「夫婦で歩くスイスアルプス」

ティーフェンバッハ氷河末端からフェント村へ展望ハイキング

2014年9月15日。晴天の朝です。ゼルデン村から「氷河行き」のバスに乗り、レッテンバッハ氷河停留所(海抜2,670m)で下車しました。バスの乗客は大半が終点のティーフェンバッハ氷河まで行くハイカー達で、ここで降りたのは我が家だけでしたが、氷河の末端がすぐ目の前です。写真右の建物は今は運行されていないチェアリフト乗場で、その奥に運行中のゴンドラリフト乗場があります。

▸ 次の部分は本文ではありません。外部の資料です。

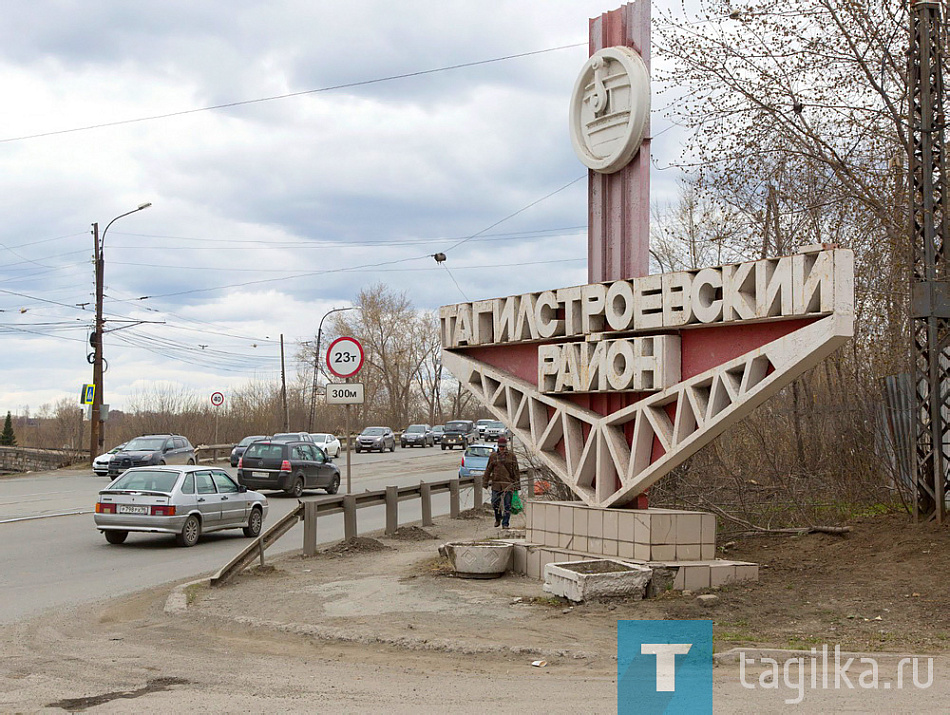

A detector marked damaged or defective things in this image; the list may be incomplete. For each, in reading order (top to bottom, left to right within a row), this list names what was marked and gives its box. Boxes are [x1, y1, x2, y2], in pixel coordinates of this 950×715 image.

broken concrete planter [440, 540, 512, 580]
broken concrete planter [544, 564, 656, 600]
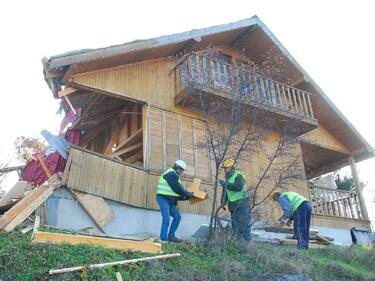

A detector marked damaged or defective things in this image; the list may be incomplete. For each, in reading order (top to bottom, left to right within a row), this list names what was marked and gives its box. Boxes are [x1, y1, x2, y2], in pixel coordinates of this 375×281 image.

damaged wooden house [5, 15, 374, 243]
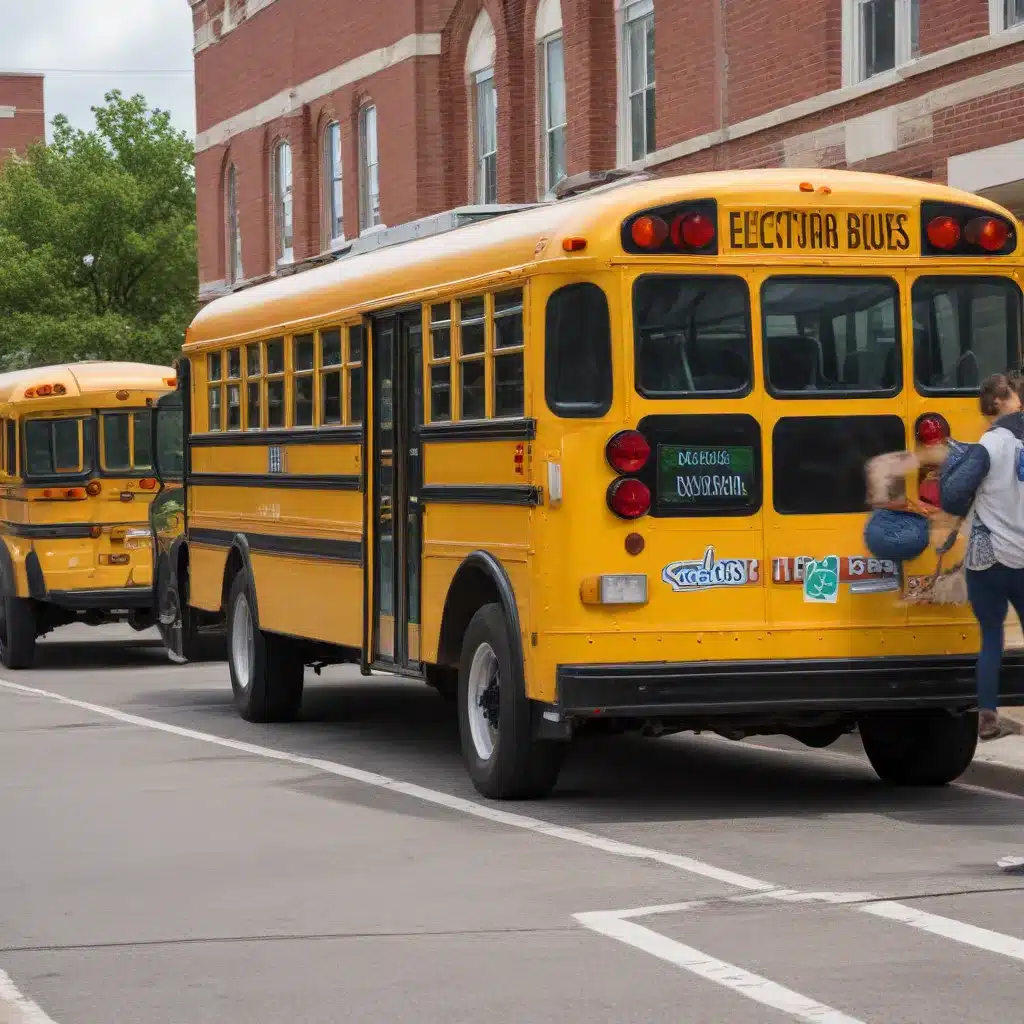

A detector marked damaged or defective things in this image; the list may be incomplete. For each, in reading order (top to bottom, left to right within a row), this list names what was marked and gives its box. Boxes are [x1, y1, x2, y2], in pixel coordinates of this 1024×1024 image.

pavement crack [2, 925, 577, 954]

ゴンドラリフトはレッテンバッハ氷河の西縁に沿って上っていきます。写真左端がバスを降りた駐車場で、その右の氷河末端には池が点在しています。氷河の向こう側の峰はオイセレ・シュヴァルツェ・シュナイト(3,255m)です。

ゴンドラリフトは中間駅のレッテンバッハヨッホで少し方向を変え、更に上っていきます。写真はゴンドラから西側の眺望で、眼下を流れ下っているのはカールレス氷河。その末端の先にブラウンシュヴァイガー小屋が見えます(小屋の背後の谷を右手へ下るとピッツ谷のマンダルフェン村へ至ります)。写真左上の高峰はヒンテラー・ブルンネンコーゲル(3,440m)。

シュヴァルツェ・シュナイト山頂駅(海抜3,250m)に到着。レッテンバッハ氷河の最上部にあたる場所ですが、スキーヤーの滑走出発点という感じで周囲には何もありません。南側と西側の視界が尾根で遮られているため眺望も限られます。

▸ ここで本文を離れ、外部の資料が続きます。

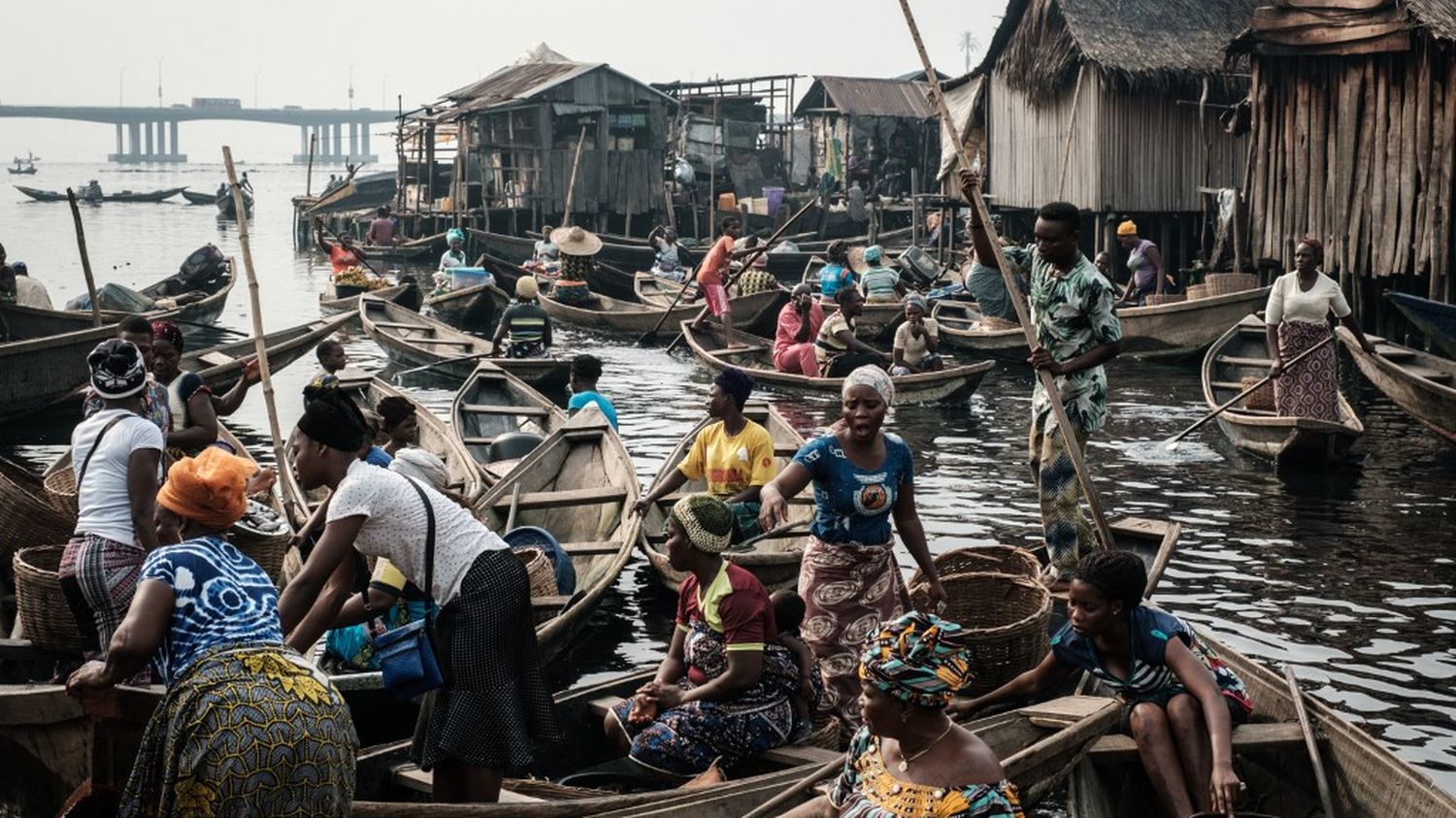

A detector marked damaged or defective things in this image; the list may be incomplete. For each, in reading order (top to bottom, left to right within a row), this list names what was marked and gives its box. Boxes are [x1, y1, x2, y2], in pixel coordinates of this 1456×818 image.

rusted metal roof [798, 75, 932, 118]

西側(写真右)に見えるインネレ・シュヴァルツェ・シュナイトの頂(3,367m)に向かって下った先に尾根の南側(ティーフェンバッハ氷河側)へ抜けるトンネルがあり、そちらへ行けばヴィルトシュピッツェを眺められた筈です。また尾根上の展望所にも片道15分で登れるようですが(写真左に見える踏み跡がその道でしょうか)、この時は我が家の他にハイカーがおらず、案内標識も無くてよく分かりませんでした。次のバスに乗り遅れたくなかったので早々に諦めてゴンドラリフトで下ることにしましたが、今から思えば少々心残りでもあります。

ゴンドラリフトから見下ろす中間駅のレッテンバッハヨッホ(海抜2,993m)。ここは西側が切れ落ちていて手軽に眺望を楽しめそうです。後方の峰はカールレスコーゲル(3,106m)。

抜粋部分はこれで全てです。